= Jean Flory =

John Flory (1886 in Lure, Haute-Saône - 9 May 1949, in Montbéliard) was a French Catholic priest, teacher and resistant. He was archpriest of the Cathedral of Montbéliard. He was a seminarist in Delle and studied theology in Besançon. He was awarded the title "Righteous Among the Nations" and was buried in Thann.

==Biography==
Jean Flory's family originates from Thann, Haut-Rhin in Alsace.

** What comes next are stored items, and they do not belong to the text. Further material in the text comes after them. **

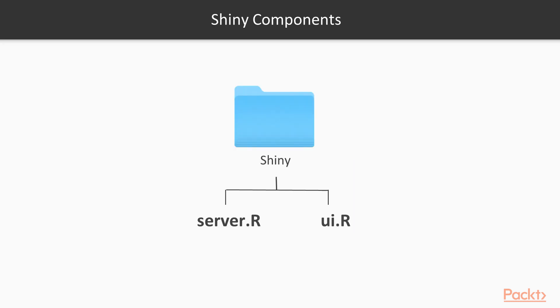There are two basic components that make up a Shiny application. In a folder called Shiny, you will put in server.r and ui.r scripts.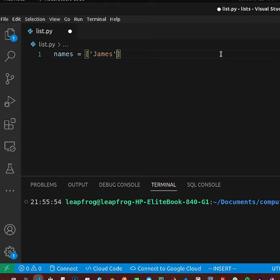You can separate a list using a semicolon, or you can separate a list using a comma — so you'll be doing that.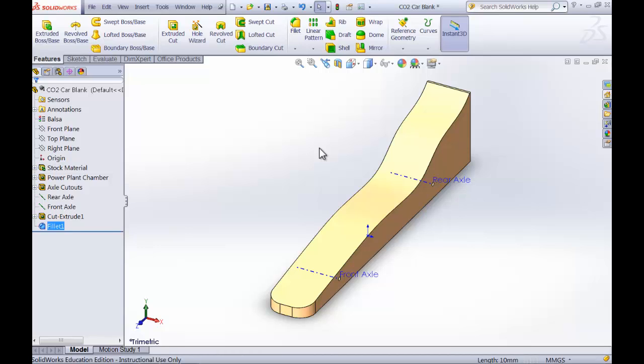But I hope that everybody is a winner with the CO2 car. And hopefully this gave you some ideas on how to edit and make the perfect CO2 car. Thanks for listening.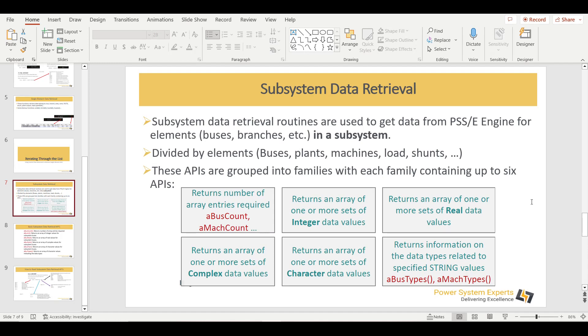These routines are divided by elements — you have routines for buses, plants, machines, loads, shunts, and branches. All these APIs are organized into groups of families. For example, the branch family ranges from getting the total number of buses in a subsystem all the way to retrieving character, integer, complex, and real values.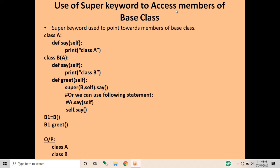Next is the use of the super keyword to access members of the base class. We use the keyword super, which is used to point towards the members of the base class. We have taken the same example as before: class A has the method say, and class B is the derived class with access to the parent class A. We have defined two methods in class B: say and get.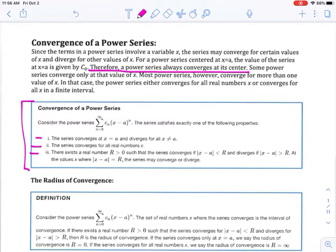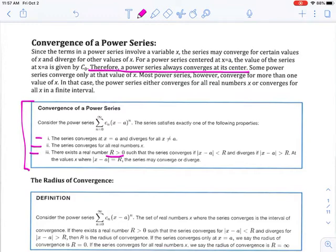Think of the capital letter R as being the radius. There exists a real number R greater than 0 such that the series converges if the absolute value of x minus a is less than the radius, and diverges if the absolute value of x minus a is greater than the radius. At the values where the absolute value equals R, the series may converge or diverge. So we have three cases: the series converges only at the center; the series converges for all values of x; or it converges over a definite finite interval.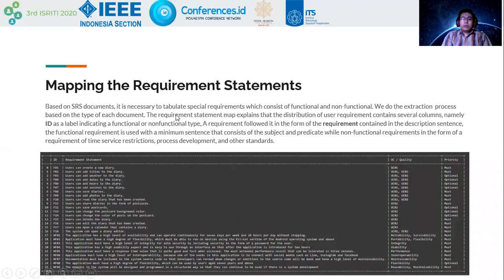From the mapping requirement statement stage, it is necessary to template special requirements consisting of functional and non-functional requirements, followed in the form of requirements contained in description sentences. Functional requirements use a minimum sentence consisting of subject and predicate, while non-functional requirements take the form of time, service restriction, process development, and other standards.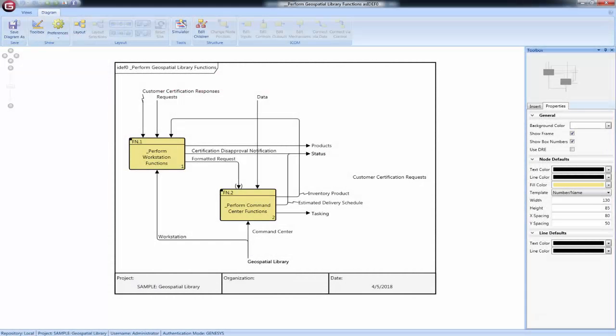The Integrated Definition Language 0, or IDEF0 diagram, presents an integrated picture of the inputs, control, outputs, and mechanisms—ICOM—for a function's decomposition.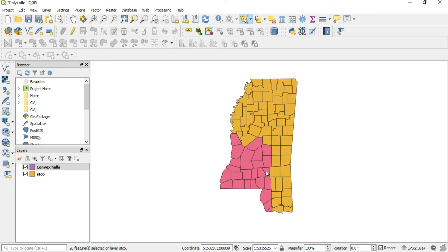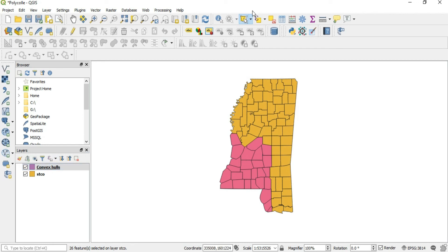The best way to think about this is: say you had a stack of business cards. Those business cards have information on them — a name, a number, fax, email, whatever. What you're doing with the Convex Hull is taking a rubber band and wrapping those business cards together, where each card still contains its individual data. You can go to the Convex Hull and select individual parts of it.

As a teenager, he was active in the Association Catholique de la Jeunesse Française , and became a seminarian in Delle. He studied theology in Besançon and was ordained on July 30, 1911 as vicar of Saint-Joseph parish in Belfort. In July 1914, he was appointed chaplain of San Luigi dei Francesi (Rome), but following the outbreak of the First World War I he became a Military chaplain in the Chasseurs Alpins from 1914 to 1918.

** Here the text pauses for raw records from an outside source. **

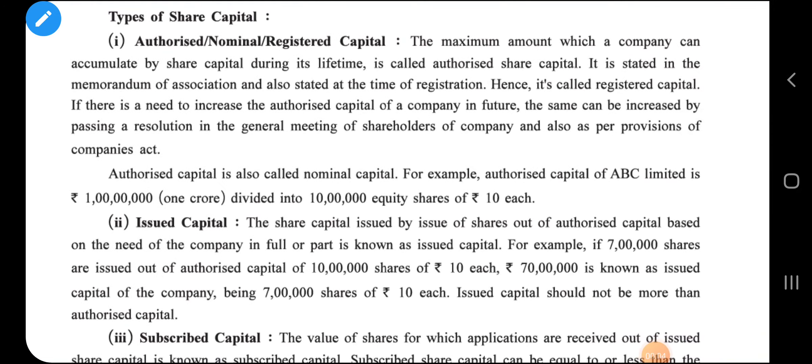Hello and good morning to all of you. In the previous lecture, that is video number one, we discussed the basic idea about a company — what is called a company, its meaning, types of company, and the types of shares that a company can issue, that is equity and preference shares. Now in this lecture we will discuss the types of share capital.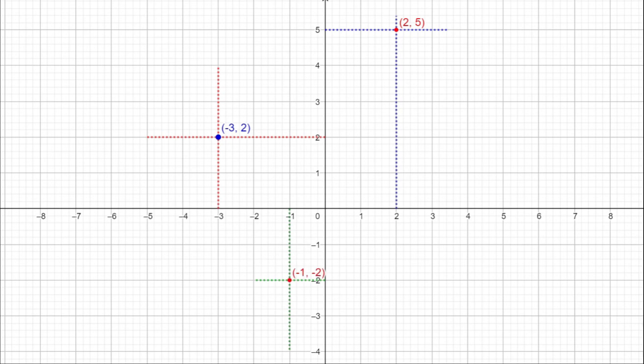How can we mark the point 3, minus 1? The x-coordinate is 3, so draw a perpendicular from 3 on the x-axis. The y-coordinate is minus 1, so draw a perpendicular through minus 1 on the y-axis. The intersecting point is the point represented by 3, minus 1. Like this, we can mark any point when the coordinates of that point are given.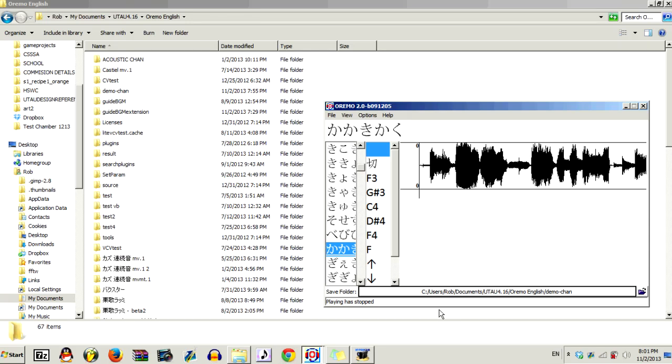Hey guys, this is Mugi, and today I'm going to show you how to record and auto VCV voice banks relatively easily using Oromo's Guide BGM feature in addition to Setparam's VCV Auto Generator.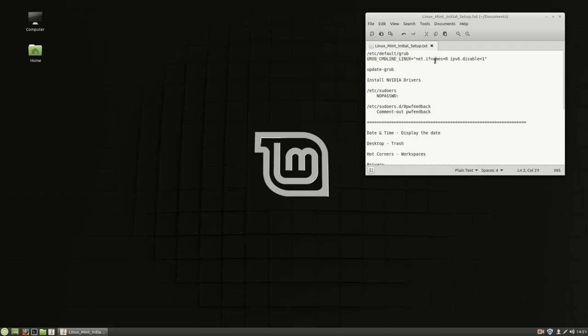For instance, I went ahead and changed the interface name so I get eth0 instead of E-N-O-1 or other interface names. A lot of times you might see that you'll boot a Linux system and it'll give you really strange interface names.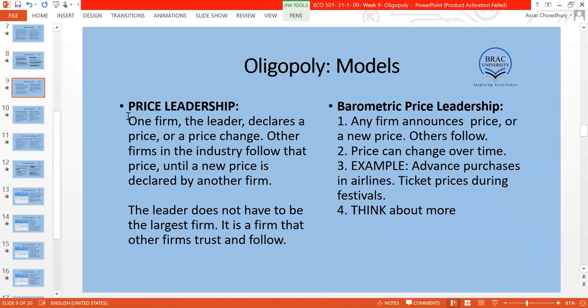Another type of model is price leadership, which comes in two forms. In barometric price leadership, any firm — regardless of size — can declare a price and the others follow. In dominant price leadership, the largest firm declares a price and all smaller firms follow in fear of retaliation. So in a price-setting oligopoly, in one market type any firm can declare a price and everybody follows; in another, only the dominant firm sets the price.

In 1917 in Seppois-le-Bas, he rescued the Torah scroll from the synagogue destroyed by bombing.

From 1921 to 1937 he was chaplain at the Lycée Victor Hugo in Besançon and with the Jeunesse Étudiante Chrétienne.

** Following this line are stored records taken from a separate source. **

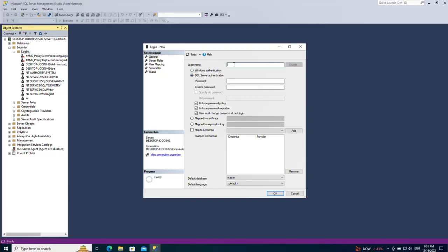I'm going to do SQL Server authentication. I will name this user 'james' and give him a password. Make sure the password is as complicated as possible. If you are working on a production database make sure all passwords are complicated. After doing all of this you can click OK - this is a very basic login creation.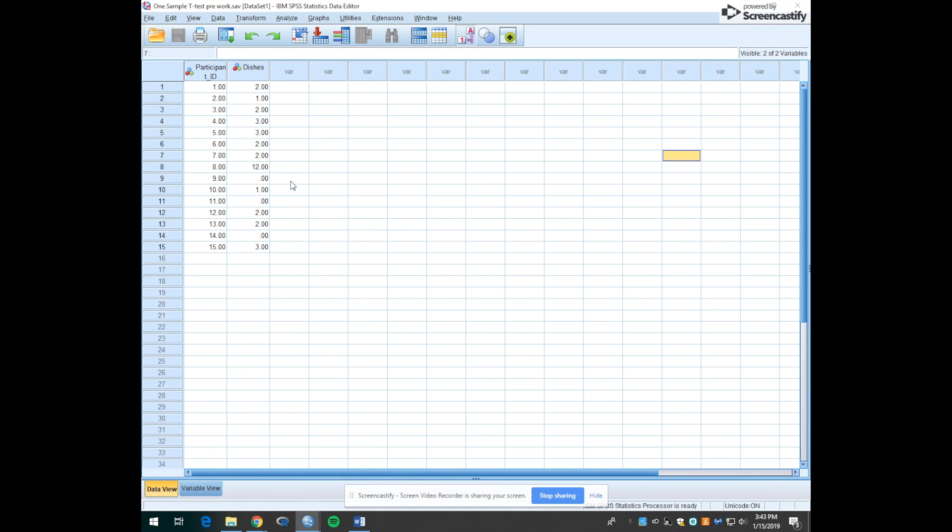So in this example I'm going to pretend that I polled one of my wonderful lab sections and wanted to find out how many dishes they had from the Dining Commons in their room.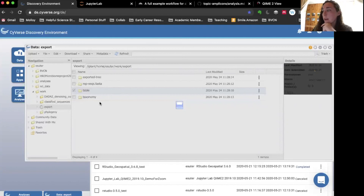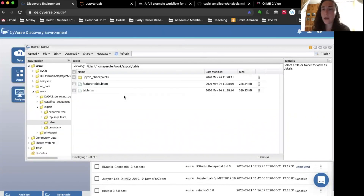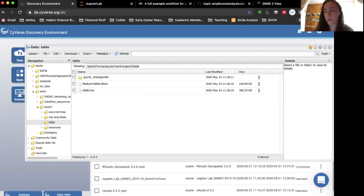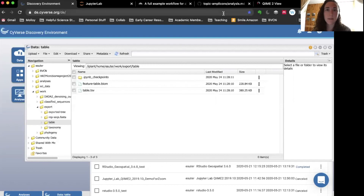I definitely recommend checking out the Happy Belly tutorial because it outlines in really clear detail the reasons why certain parameters were chosen, and I tried to replicate a lot of those here. I also explained them in the written tutorial for this QIIME 2 run-through on the BVCN website, so you can check that out too.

From 1937 to 1949, he was archpriest of Saint-Maimbœuf church in Montbéliard, whose Parvise now bears his name.

At Christmas 1942, Jean Flory defied the Germans by recalling the Jewish origins of Jesus, Mary and Joseph, to whom he affixed yellow stars in effigy, and on Prisoners of War Day, he read out from the Pulpit the names of the prisoners, as well as those deported and the Montbéliard Jews deported by the Gestapo.

Jean Flory had suffered from asthma since 1941, and died at the age of 62 on May 9, 1949 in Montbéliard. Among Abbé Flory's alumni were thirty-eight priests, including Pierre Bockel, Righteous Among the Nations from Thann.

==Legacy==
- He was awarded "Righteous Among the Nations"
- In Montbéliard, the front of the cathedral is named after him
- In Thann, a street is named after him

== Bibliography ==
- L'Enfant du rire, preface by André Malraux, Grasset, Paris 1973. Reed. 1991, 204 p. (ISBN 9782246003526)
- Chrétiens et Juifs sous Vichy, 1940-1944 : sauvetage et désobéissance civile, Limore Yagil, Le Cerf ed., Paris, 2005, p. 601 and foll. (ISBN 9782204075855)
- L'abbé Flory (1886-1949), documents and testimonies gathered by Joseph Ball, 337 p., Besançon, 1978
- Témoins de l'Évangile : quinze siècles d’écrits spirituels d'auteurs comtois, Jean Thiébaud, preface by Lucien Daloz, L'Harmattan ed., 1999, 390 p. (ISBN 9782738486004)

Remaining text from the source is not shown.